Released: 20 February 1974
Label: Virgin

Phaedra Tangerine Dream
Everything has a beginning. For Spacemusic it was the 1974 release of Phaedra (37:33). Presenting ideas so far outside normal experience a new way of listening had to be established in order to fully appreciate its four innovative realizations. As our minds grasped and strained to receive such wonder the more sensitive among us still contemplate how this miracle of electricity could ever have been made by human hand. Free from the corruptions of tradition Phaedra astounded listeners with its immense scale and otherworldly perspective. The question of what counted as EM became newly charged, as the resulting sparks illuminated a time yet to come.

After several early releases of surreal sound collage Tangerine Dream produced the groundbreaking Phaedra. Art belongs to the subconscious, and this work did so attempt to portray sonically the most enigmatic region of the brain. Seeming like a sound structure the listener was passing through, meeting this music at its initial release felt like an encounter with something too immense or powerful for our reasoning to comprehend. Unable to look to the world for answers, we remain quietly stunned.

While the timbre and tone of Phaedra were stirring in and of themselves, they were also part of a greater concept. In their search for meaning Tangerine Dream deployed murmuring Moogs, organ drones, ethereal Mellotrons and engine room sequencers - exposing us to instruments and ideas unknown to previous generations. Pushing the music field forward several light years, uninhabited hymns emerge from a cloud of dreams hovering above a darkening sonic plain. Heightening the ominous character of the soundscape, a surging mixture of thought zone oscillations, modulated effects and summoning chords insist on a strange, beautiful independence. Heading for mysterious regions, we move west with the night.

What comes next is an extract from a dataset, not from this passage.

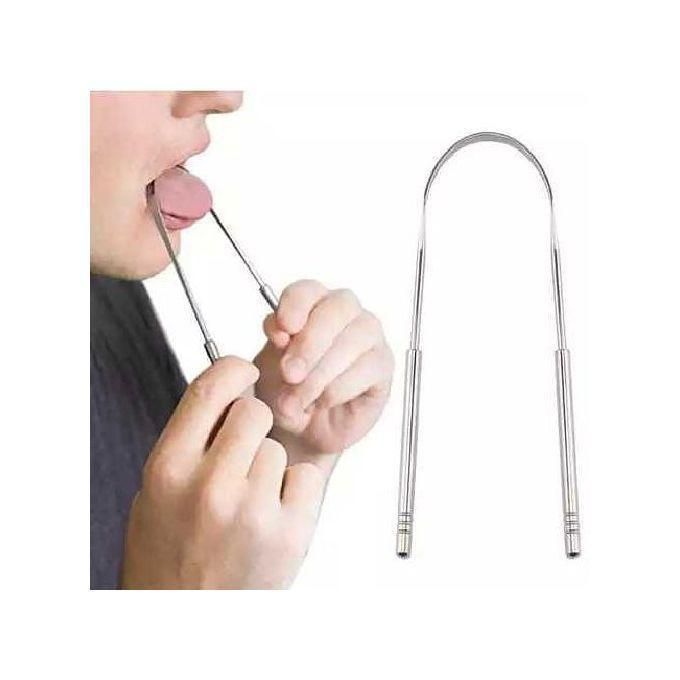 Tongue Scrapper, Stainless Steel U shaped Tongue Cleaner, Promotes Fresh Breath and Oral HealthStainless Steel Tongue Scrapers Metal U Shaped Tongue Scraper for Fresher Breath Tongue Scraper to Keep M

Today there is a nostalgia for the decade of discovery specific to the 1970s - where every day it seemed new visions and perspectives were informing forward-looking musicians, and so making their way to us by way of the local record store. Each new album reframed the one that preceded it, and held amazing new realms on just the two sides of a vinyl LP. The promise of technology, along with our cosmic yearning and faith in the future all balanced beautifully on Phaedra - after which The Universe seemed a bit more comprehensible. Using Electronic Music to explore ideas of the spirit and further the human condition, this music was among the first signs of a new age - which we wait for the world to recognize still.